記念日や行事・歴史・人物など気の向くままに書いているだけですので、内容についての批難、中傷だけはご容赦ください。

ロカビリーの日

2005-02-08 | 記念日
今日(2月8日)は「ロカビリーの日」。
1958(昭和33)年、有楽町の日劇(現、有楽町マリオン)でウェスタンカーニバルが開かれた。このコンサートは、全国の若者を熱狂させ、以後「ロカビリー旋風」を巻き起こした。
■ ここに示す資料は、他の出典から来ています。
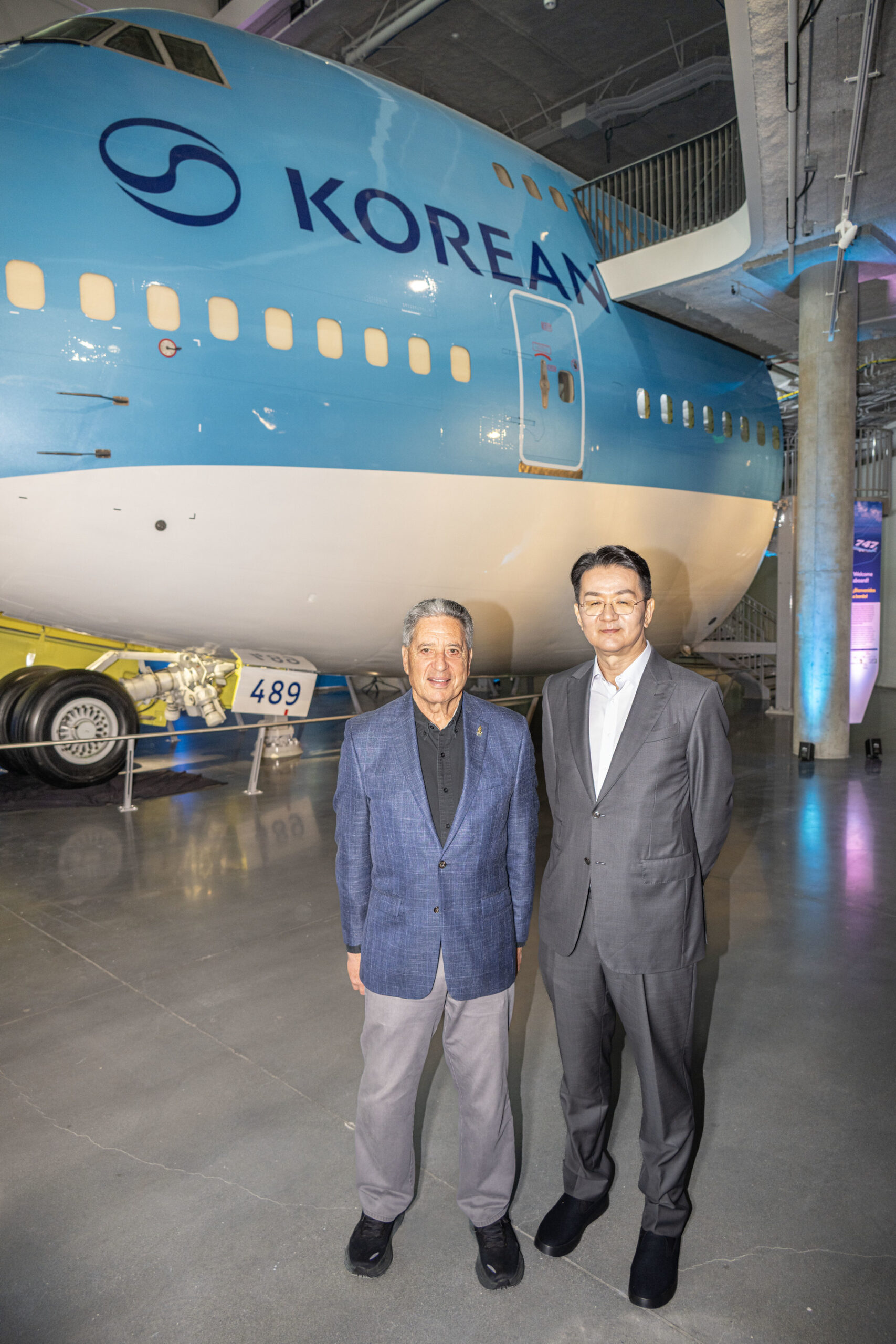 CALIFORNIA SCIENCE CENTER INSTALLS THE KOREAN AIR 747 EXPERIENCE IN THE FUTURE SAMUEL OSCHIN AIR AND SPACE CENTER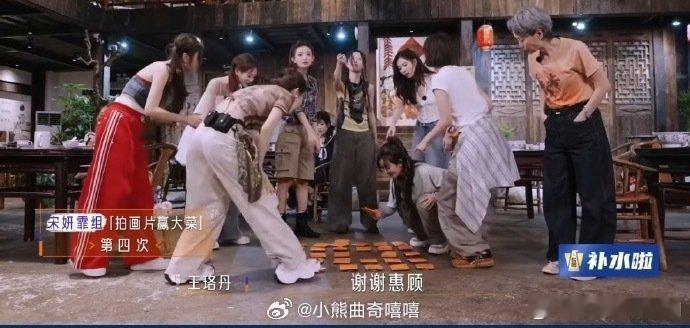 吴宣仪张小婉你们收手吧吴宣仪和张小婉拍画片太逗了！别人一次就成拿湘菜，她俩拍半天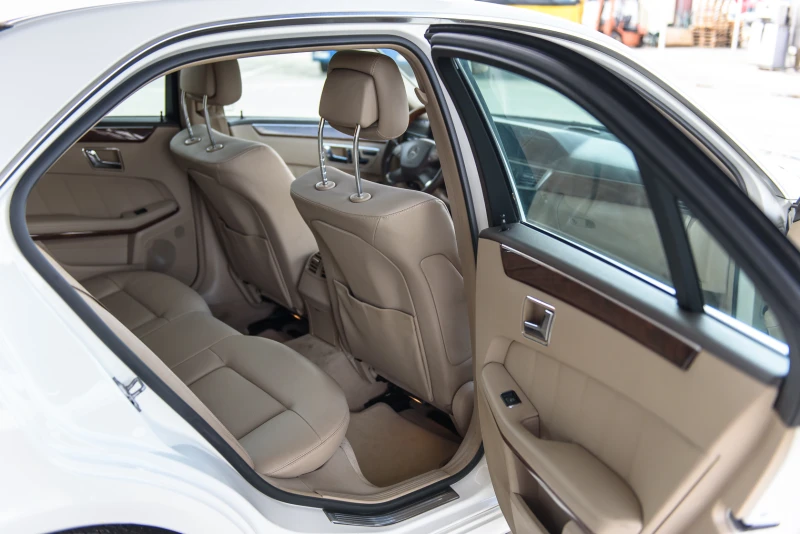 Mercedes-Benz E 350 4Matic V6, снимка 9 - Автомобили и джипове - 52536122
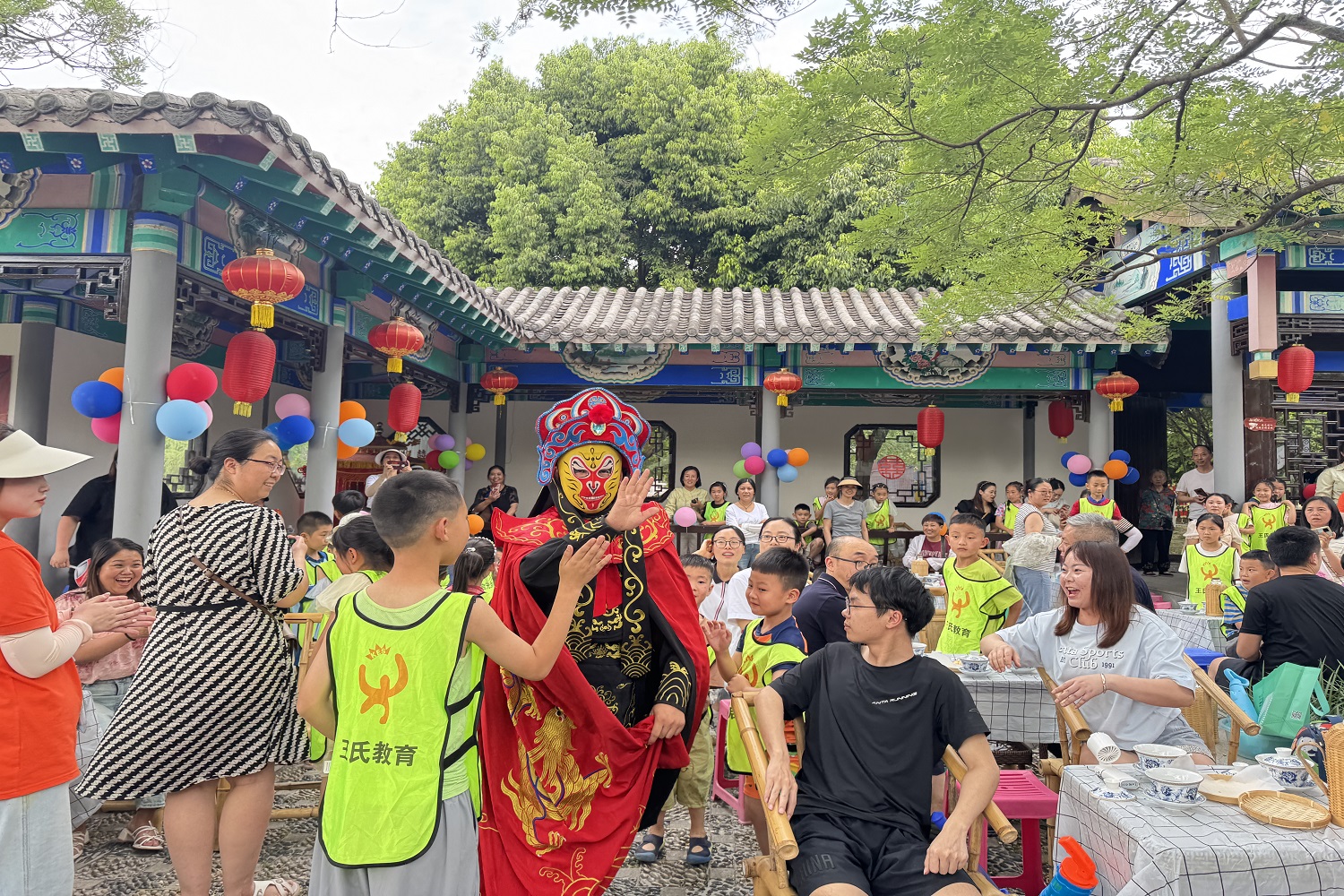 為孩子種下非遺傳承種子 四川北川「川韻六一」活動精彩上演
敗戦後、日本は、明治以来第二の「文明開化」を迎えたといえる。
中でも、アメリカは最大のモデルとなり、政治、社会、文化のあらゆる面で、日本人はアメリカを模倣した。1946(昭和21)年6月から週間朝日に、1949(昭和24)年には朝日新聞で連載された漫画「ブロンディー」など、そこに描かれたアメリカの豊かな家庭と明るい、民主的な過程のあり方は戦後の家庭の手本となって、恋愛、結婚、家庭のあり方まですべてを含めてアメリカ的な生活様式を取り入れていった。
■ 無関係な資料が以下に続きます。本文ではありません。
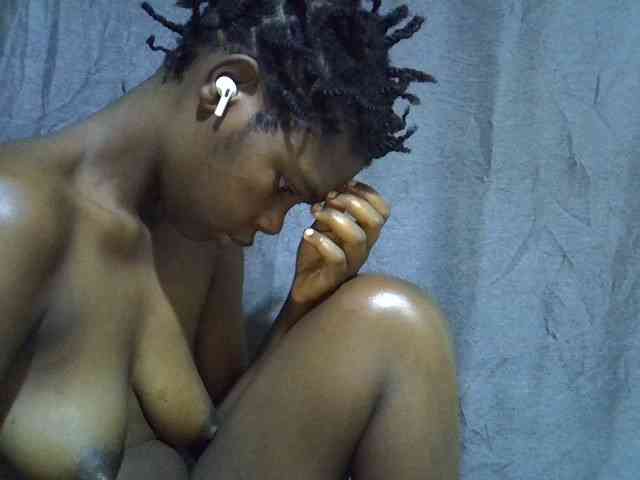 Cute-tamarah webcam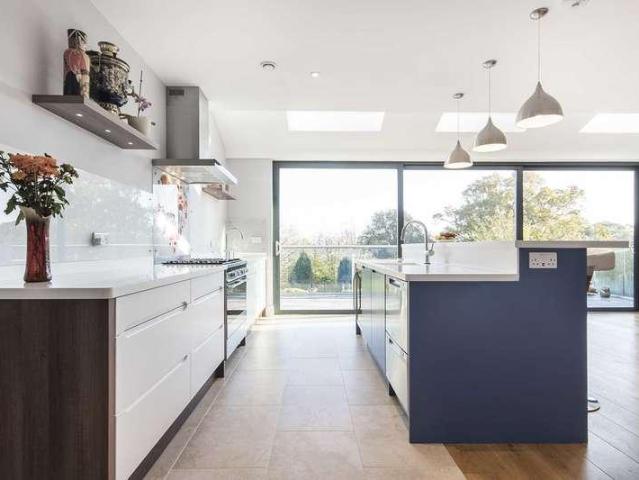 6 bed house for sale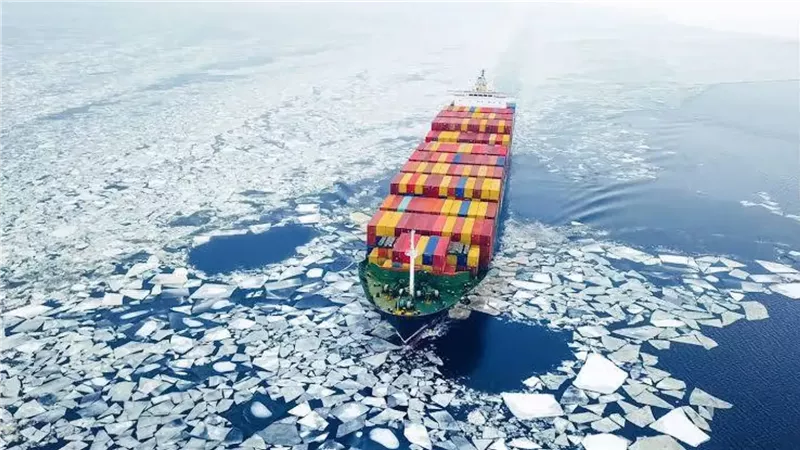 الصين تشعل صراع الممرات البحرية البديلة.. بكين تلجأ إلى طريق بحر الشمال للتغلب على توترات البحر الأحمر والشرق الأوسط.. وروسيا والثلوج تمنحان قناة السويس أهمية خاصة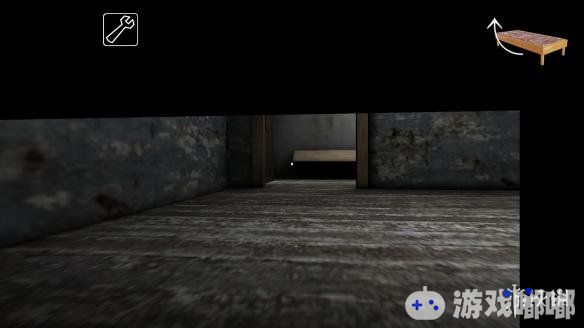 《外婆》是一款氛围恐怖的密室逃脱游戏。玩家需要一边解开谜题逃出密室，一边在一个可怕的老奶奶手下逃跑！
音楽の面では、戦後、ジャズやウエスタン、マンボなどさまざまなアメリン音楽があふれ出し、若い世代をの心を惹きつけていたが、そのような世相の中で、ジャズ喫茶といわれるものが蘇生した。当時の音楽界の主流は、春日八郎や三橋美智也、石原裕次郎や歌謡界の女王美空ひばりたちであった。
こうした既成の枠から外れた若い歌手たちが、ジャズ喫茶でロカビリーを歌っていた。ロカビリーは、ロックンロールにヒルビリー(カントリー&ウェスタンをよりビートを強調したもの)をミックスした新しい音楽で、その新しい音楽と歌い手を一部の若いファンが熱狂的に愛していた。戦後流行ったジャズは下火になっており、次の若者の音楽は、これだと目をつけ、仕掛けたのが、後にマダム・ロカビリーと呼ばれる渡辺 美佐(現渡辺プロダクション会長)である。彼女は、「ACB」「テネシー」」といったジャズ喫茶で歌っていた歌手を集めて、1958(昭和33)年2月、東京・有楽町の日劇で「ウエスタン・カーニバル」を開いた。(ウエスタン・カーニバルと言っても、中身は殆どロカビリー・ロックンロール)これが、予想もしない大盛況。余りの熱狂で舞台に駆け上がり失神する女性まで現れたほどであった。この興行には1週間で4万5000人の若者が集まったという。
ロカビリーは、この「第1回ウエスタン・カーニバル」で、一気に火がつき、ミッキー・カーチス、平尾昌章、山下敬二郎ら、後に「ロカビリー3人男」と呼ばれる歌手を一躍スターダムにのしあげた。この後、興行は次々に打たれ、9月には、ロカビリーの元祖とも言えるポール・アンカも来日し、ブームに拍車をかけた。それは、単に音楽界の出来事にとどまらず、社会現象として新聞や週刊誌を賑わせ、第2回には(水原 ひろし、井上 ひろし、守屋 浩)の「三人ひろし」(水原弘が歌謡曲へと移った後は守屋浩が入る)。第3回には坂本 九などの多くのスターを登場させ、当時の伝統的な歌謡曲に対抗するものとしての市民権を得た。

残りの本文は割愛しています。